An Android library that provides a port to sentence-transformers, which are used to generate sentence embeddings (fixed-size vectors for text/sentences)
The library is hosted with Jitpack. Add the jitpack.io
repository in settings.gradle.kts
for Gradle to search Jitpack packages,
dependencyResolutionManagement {
repositoriesMode.set(RepositoriesMode.FAIL_ON_PROJECT_REPOS)
repositories {
google()
mavenCentral()
maven{ url = uri("https://jitpack.io") }
}
}
or with Groovy build scripts,
dependencyResolutionManagement {
repositoriesMode.set(RepositoriesMode.FAIL_ON_PROJECT_REPOS)
repositories {
google()
mavenCentral()
maven { url "https://jitpack.io" }
}
}
Add the Sentence-Embeddings-Android
dependency to build.gradle.kts
,
dependencies {
// ...
implementation("com.github.shubham0204:Sentence-Embeddings-Android:0.0.3")
// ...
}
Sync the Gradle scripts and rebuild the project.
Note
You may download the model and the tokenizer at runtime, as the library only expects raw-bytes of these files.

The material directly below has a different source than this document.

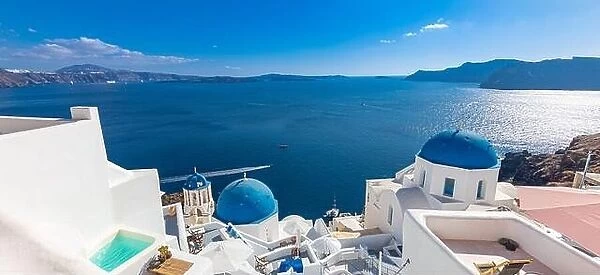 Luxury travel vacation. Oia town on Santorini island, Greece. Traditional and famous houses and churches with blue domes over the Caldera, Aegean sea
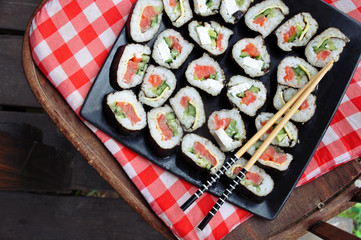 Sushi on a black square dish with chopsticks on a checkered red cloth, top view.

If you wish to include them in the app's package, then proceed with this step
The ONNX model and the tokenizer can be downloaded from the sentence-transformers/all-MiniLM-L6-v2 repository,
- Download
model.onnx
- Download
tokenizer.json
Place model.onnx
and tokenizer.json
in the assets
folder of the application.
The library provides a SentenceEmbedding
class with init
and encode
suspend functions that initialize the model and generate the sentence embedding respectively.
The init
function takes two mandatory arguments, modelBytes
and tokenizerBytes
.
import com.ml.shubham0204.sentence_embeddings.SentenceEmbedding
val sentenceEmbedding = SentenceEmbedding()
val modelBytes: ByteArray = context.assets.open("all-MiniLM-L6-V2.onnx").use{ it.readBytes() }
val tokenizerBytes: ByteArray = context.assets.open("tokenizer.json").use{ it.readBytes() }
CoroutineScope(Dispatchers.IO).launch {
sentenceEmbedding.init(
modelBytes,
tokenizerBytes
)
}
Once the init
functions completes its execution, we can call the encode
function to transform the given sentence
to an embedding,
CoroutineScope(Dispatchers.IO).launch {
val embedding: FloatArray = sentenceEmbedding.encode( "Delhi has a population 32 million" )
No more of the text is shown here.